Weighted attention module. The process of self-attention mechanism, weighted sum and sequential processing

Finally, to better capture the relationship within contextual information, the weighted sum feature maps are input into the BLSTM module for sequential processing. LSTM module, which can solve the issue of gradient vanishing, has a memory cell to store information with an input gate, an output gate and a forget gate. The calculation of the forward BLSTM layer is as the following equations:

$$ {\boldsymbol{i}}_{\boldsymbol{t}}={\upsigma}_1\left({\boldsymbol{W}}_{\boldsymbol{i}}{\boldsymbol{x}}_{\boldsymbol{t}}+{\boldsymbol{U}}_{\boldsymbol{i}}{\boldsymbol{c}}_{\boldsymbol{t}-\mathbf{1}}+{\boldsymbol{b}}_{\boldsymbol{i}}\right) $$
(13)
$$ {\boldsymbol{o}}_{\boldsymbol{t}}={\upsigma}_1\left({\boldsymbol{W}}_{\boldsymbol{o}}{\boldsymbol{x}}_{\boldsymbol{t}}+{\boldsymbol{U}}_{\boldsymbol{o}}{\boldsymbol{c}}_{\boldsymbol{t}-\mathbf{1}}+{\boldsymbol{b}}_{\boldsymbol{o}}\right) $$
(14)
$$ {\boldsymbol{f}}_{\boldsymbol{t}}={\upsigma}_1\left({\boldsymbol{W}}_{\boldsymbol{f}}{\boldsymbol{x}}_{\boldsymbol{t}}+{\boldsymbol{U}}_{\boldsymbol{f}}{\boldsymbol{c}}_{\boldsymbol{t}-\mathbf{1}}+{\boldsymbol{b}}_{\boldsymbol{f}}\right) $$
(15)
$$ {\boldsymbol{c}}_{\boldsymbol{t}}={\boldsymbol{f}}_{\boldsymbol{t}}\bigotimes {\boldsymbol{c}}_{\boldsymbol{t}-\mathbf{1}}+{\boldsymbol{i}}_{\boldsymbol{t}}\bigotimes {\upsigma}_2\left({\boldsymbol{W}}_{\boldsymbol{c}}{\boldsymbol{x}}_{\boldsymbol{t}}+{\boldsymbol{b}}_{\boldsymbol{c}}\right) $$
(16)
$$ {\boldsymbol{h}}_{\boldsymbol{t}}={\upsigma}_2\left({\boldsymbol{o}}_{\boldsymbol{t}}\bigotimes {\boldsymbol{c}}_{\boldsymbol{t}}\right) $$
(17)

where it, ot ,ft are respectively the input gate vectors, the output gate vectors, and the forget gate vectors.

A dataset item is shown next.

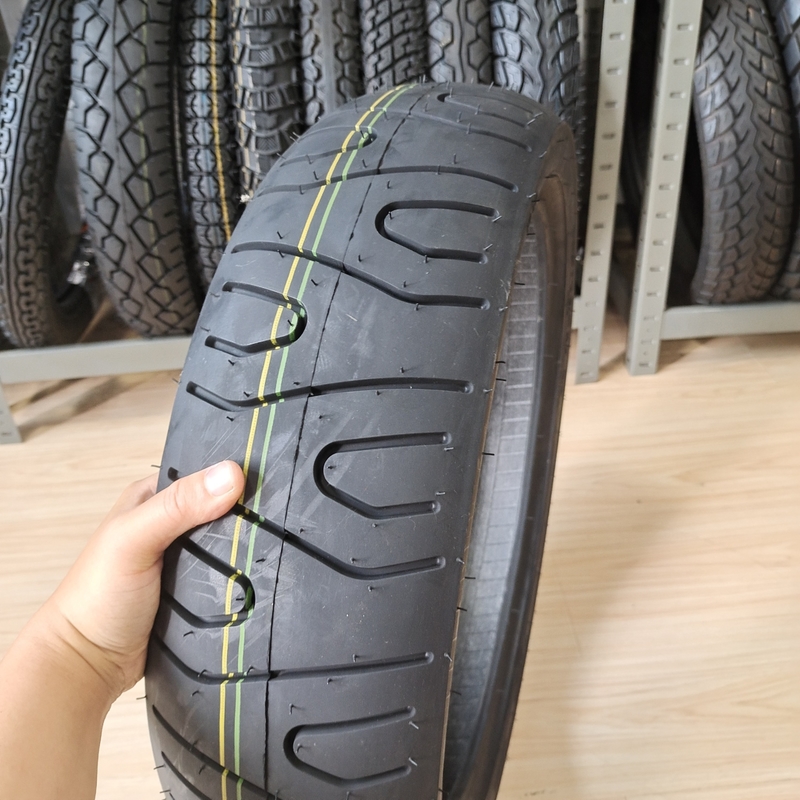 Pneumatici in gomma naturale 130/70-17 8PR Ricambi per motociclisti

W, U, b are respectively weight matrixes and bias vectors for each gate. ⨂ represents the element-wise multiplication. We set the activation function σ1 as the sigmoid function. σ2 is the hyperbolic tangent function (Tanh). Both the forward and backward recurrent operations are in a similar way of computation according to the equations above.

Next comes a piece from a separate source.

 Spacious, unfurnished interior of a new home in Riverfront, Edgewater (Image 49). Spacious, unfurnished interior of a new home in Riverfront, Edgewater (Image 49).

3.4 Style embedding module

The emotional expression of music is highly related to the style. Pop music focuses on the expression of the human voice, while rock music focuses on the expression of the instrument. The dataset we used covers 8 musical styles, specifically classical, rock, blues, folk, jazz, country, electronic, and pop. To take advantage of the style information in metadata, we design a style embedding module. Given the flatten output from BLSTM module is VFH, and this vector is converted to \( {\boldsymbol{V}}_{\boldsymbol{FH}}^{\prime } \) by a fully connected layer. The style vector Vs is generated by one-hot encoding. To control the range of the vector, \( {\boldsymbol{V}}_{\boldsymbol{FH}}^{\prime } \) is normalized by a min-max scaler, and the calculation is as:

$$ {\boldsymbol{V}}_{\boldsymbol{FH}}^{\prime }=\frac{{\boldsymbol{V}}_{\boldsymbol{FH}}^{\prime }-\min \left({\boldsymbol{V}}_{\boldsymbol{FH}}^{\prime}\right)}{\max \left({\boldsymbol{V}}_{\boldsymbol{FH}}^{\prime}\right)-\min \left({\boldsymbol{V}}_{\boldsymbol{FH}}^{\prime}\right)} $$
(18)

where min, max are the operations to calculate the minimum and maximum value of \( {\boldsymbol{V}}_{\boldsymbol{FH}}^{\prime } \). Then the concatenated vector VE can be calculated as:

$$ {\boldsymbol{V}}_{\boldsymbol{E}}={\boldsymbol{V}}_{\boldsymbol{FH}}^{\prime}\bigoplus {\boldsymbol{V}}_{\boldsymbol{S}} $$
(19)

where ⨁ is the concatenation operation. Finally, the processed vector will be input into the later fully connected layer to construct the regression module. The style embedding module is shown in Fig. 6.

Fig. 6
figure 6

Style embedding module. The process of style embedding

The average deviation like Mean Absolute Error (MAE), Mean Squared Error (MSE) [54] or ϵ-insensitive MAE [18] and the correlation coefficient like Pearson’s Correlation Coefficient (PCC) [39, 45] are often used as the loss function in previous continuous emotion recognition tasks. The performance of the networks is determined by the minimization of average deviation criteria but the maximization of correlation coefficients. The task “Emotion in Music” in MediaEval has been a benchmark in MER since 2013 [1], in which CCC is one of the metrics for continuous emotion recognition. Another benchmark in MER, which is the Multimodal Affect Recognition Sub-Challenge (MASC) of Audio-Visual Emotion Challenge (AVEC)Footnote 4 since 2015, also utilize CCC as the criterion. Therefore, CCC is widely applied in continuous emotion recognition because the characteristics of both the two types of metrics have been considered. It has been proven to perform better than other metrics in previous researches.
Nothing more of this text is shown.